# Spanish Passport / Citizenship



## Melly84 (Mar 29, 2012)

Hi, 

I'm not sure if this is the correct place to be posting this... if it is not, I apologise, but any help would be mostly appreciated!

I am currently living in Perth, Australia, born and bred. My Dad was born in Madrid but emigrated to Australia when he was 9 years old. I am wondering if I would be eligible to obtain a passport through him? As far as he is aware, he still has his Spanish Citizenship. Or do I need to become a citizen first, before I obtain a passport? 

Any help/advice would be great, very confused! 

Melly.84


----------



## gus-lopez (Jan 4, 2010)

Hi , & welcome.
Shouldn't be a problem. To the Spanish you will always be a Spaniard due to your father. google ' obtaining spanish citizenship'.


----------



## Bfpijuan (Apr 6, 2011)

Husband says your father needs to have registered you at embassy, if not that needs to be done first.


----------



## PokAlice (Mar 8, 2011)

That is interesting as I'm looking to get a Spanish passport too (for voting etc). I have a British passport and was told by the UK embassy that Spain doesn't recognize dual nationality. Can anyone speak from experience as to whether they had to surrender their passport when getting a Spanish one?


----------



## agua642 (May 24, 2009)

I think Spain do recognize Dual nationality, so maybe it's possible to do it in the reverse order! get Spanish passport 1st, then apply for a British passport  I'm sure some1 on here will tell you they tried and either succeeded or failed.

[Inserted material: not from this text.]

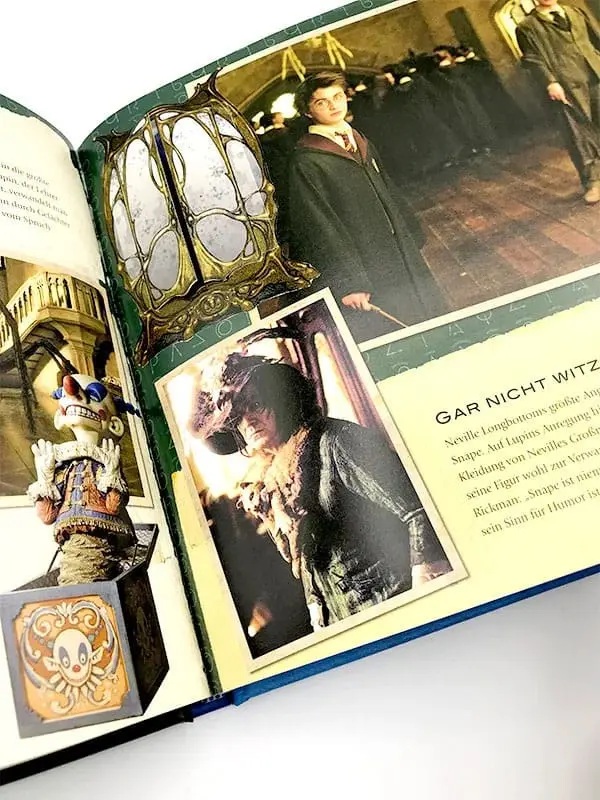 Harry Potter Buch Die Zaubersprüche - Das Handbuch zu den Filmen Produktfoto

Sent from my iPhone using ExpatForum


----------



## 90199 (Mar 21, 2010)

My friend who is British has both. We can apply for Spanish citizenship this year having been residents for 10 years.


----------



## gus-lopez (Jan 4, 2010)

PokAlice said:


> That is interesting as I'm looking to get a Spanish passport too (for voting etc). I have a British passport and was told by the UK embassy that Spain doesn't recognize dual nationality. Can anyone speak from experience as to whether they had to surrender their passport when getting a Spanish one?


Spain doesn't , Britain does. You don't have to give up your British passport but to the Spaniards you'll be Spanish, Spanish & nothing but a Spaniard. 

Hepa, 10 years for me soon !


----------



## agua642 (May 24, 2009)

26 years for me, still got my proud Spanish passport!!

Sent from my iPhone using ExpatForum


----------



## PokAlice (Mar 8, 2011)

Thanks guys - think I will give it a go.


----------